Recordaba otra sensación que se me había producido durante un acceso de alta fiebre, hace unos treinta años: el cuarto donde yo dormía, superpuesto como de costumbre a mi secreta recámara de ensoñación (o de ver lo que oigo o de ver lo que miro con los ojos de la conciencia o de la mente), se fue despegando con lentitud de ella (de la secreta recámara) como si una fuerza ajena lo levantara o, mejor dicho, izara su armazón y la separara, dejando invisibles las paredes, dejándolas sólo «soplo», sin cuerpo, y dejándome, en consecuencia, sin estructura, desestructurándome, lisa y llanamente, desmoronando mi yo y mi yo/recinto.
Esos peligros me acobardaron muchas veces ante la empresa y he evitado sumirme en encierros tipo caracol; incapaz de manejarlos a discreción y a placer, optaba por la salud mental, como si ésta fuera un camino y el obstáculo celdilla pudiera ser eludido por decisión propia.
Un día, después del regreso a la Argentina, decido rastrear, a cualquier costo, las zonas prohibidas de la memoria para ubicar el momento en el que la superficie de la celdilla recibe la marca siniestra. Surge una palabra, hacinamiento, pero a ella se le suma un efecto o una acción: la especie pulula, es proliferante. Y por el corredor estrecho que me deja la conciencia sólo llego a paredes sobrelabradas, a bajorrelieves vastos y densos en los que las salientes y las entrantes parecen llamar al tacto por su morbidez. Pero el tacto se niega a lo que la visión define cada vez más en su verdad: los frisos que se muestran para el reconocimiento son las primeras imágenes por mí vistas y registradas hace más de cuarenta años, en unas fotografías de campos de concentración que archivaban mis padres.

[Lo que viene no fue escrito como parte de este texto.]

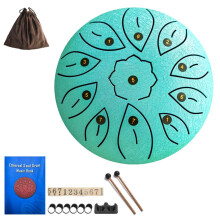 Steel Tongue Drum 6 Inch 11 Notes Lake Blue Hand Pan for Meditation with Bag Mallets Music Book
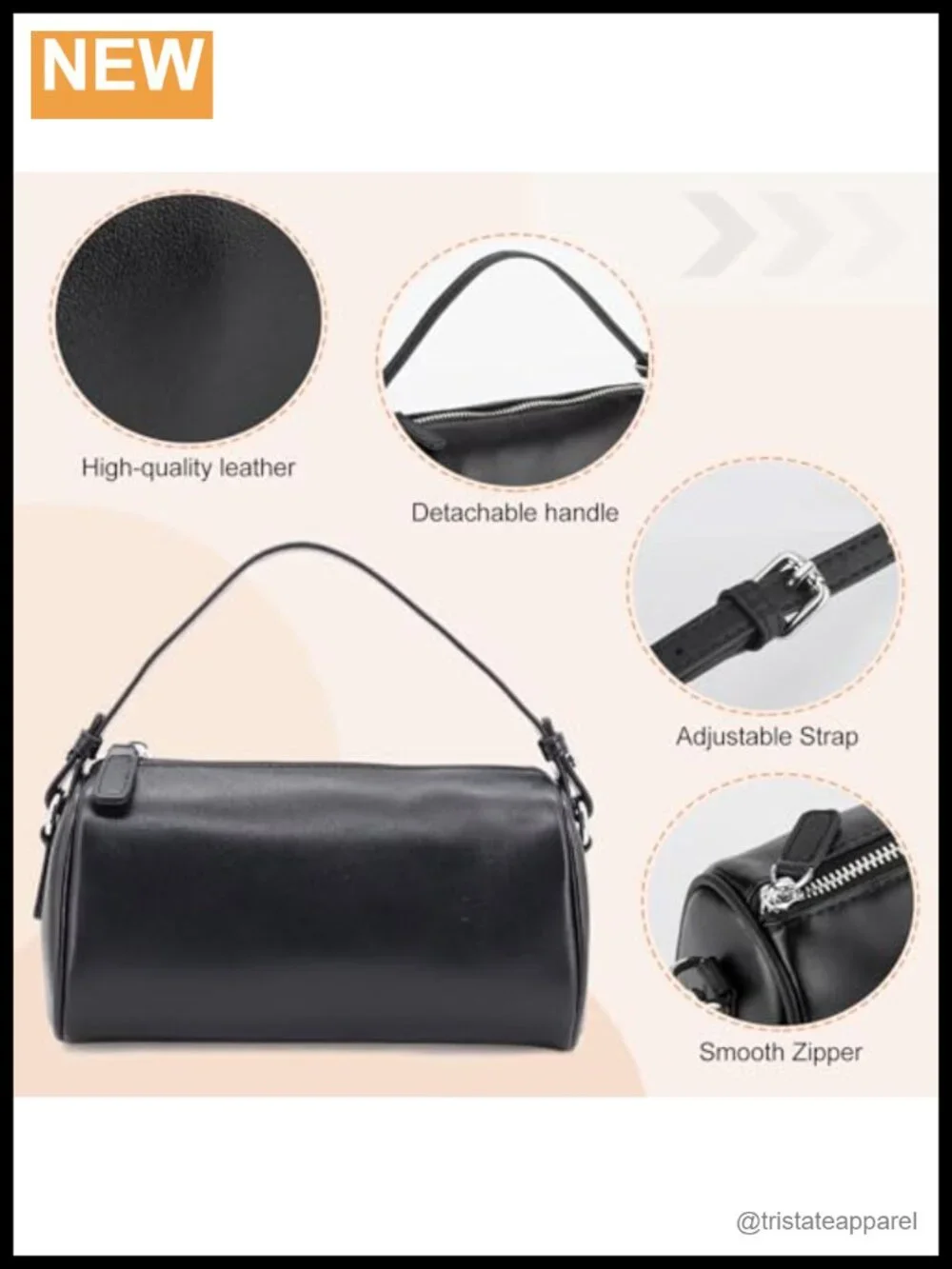 Mini Barrel Shoulder Purse with Two Way Straps Top Handle Hobo Bag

Cuerpos amontonados y muertos; cuerpos alineados dentro de fosas, llamadas con pertinencia fosarios; entrañas de una cámara de gas expuestas en un corte transversal (la puerta ha sido abierta); columnas de un desfile militar nazi, los cascos redondos vistos desde arriba, encolumnados, en su caja rectangular y cuadriculada. Ese orden instaurado por el terror repele y al mismo tiempo devora; si se lo elude, de cualquier modo triunfa, la cavidad gana la partida.